REQUIREMENT — Find the string "Gold" in the data, then copy every line where it is found.

*** Opening DATA PROVIDED ***

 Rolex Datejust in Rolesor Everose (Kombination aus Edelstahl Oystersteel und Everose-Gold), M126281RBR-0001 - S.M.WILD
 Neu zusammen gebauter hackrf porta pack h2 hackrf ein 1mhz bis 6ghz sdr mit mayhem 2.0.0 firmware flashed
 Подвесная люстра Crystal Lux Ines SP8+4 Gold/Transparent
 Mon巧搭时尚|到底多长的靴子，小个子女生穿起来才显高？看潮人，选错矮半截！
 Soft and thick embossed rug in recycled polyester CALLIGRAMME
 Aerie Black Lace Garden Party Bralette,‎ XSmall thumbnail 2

*** Closing DATA PROVIDED ***
*** Opening DATA PROVIDED ***

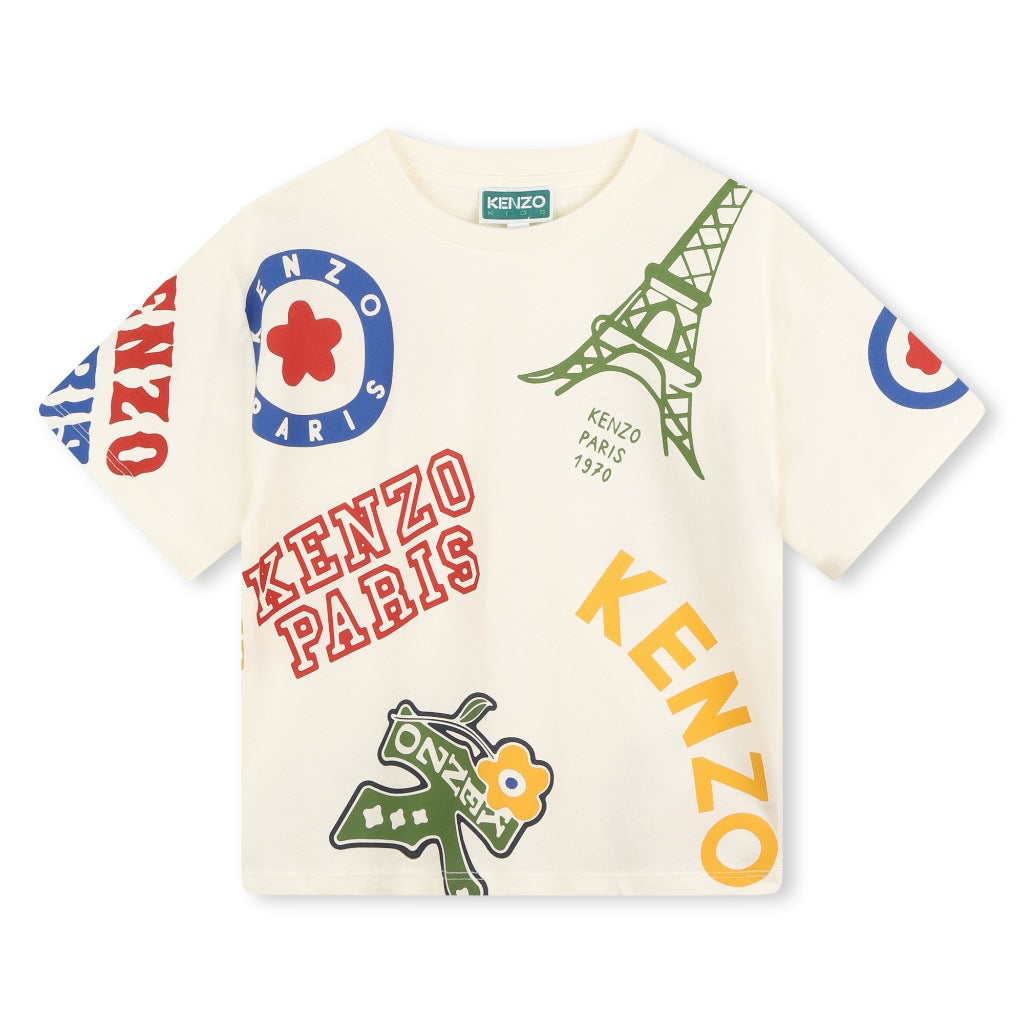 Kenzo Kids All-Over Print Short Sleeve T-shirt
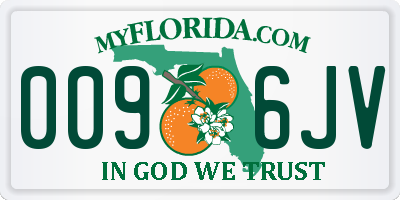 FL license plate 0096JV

*** Closing DATA PROVIDED ***

ANSWER FOR THE TASK —
 Rolex Datejust in Rolesor Everose (Kombination aus Edelstahl Oystersteel und Everose-Gold), M126281RBR-0001 - S.M.WILD
 Подвесная люстра Crystal Lux Ines SP8+4 Gold/Transparent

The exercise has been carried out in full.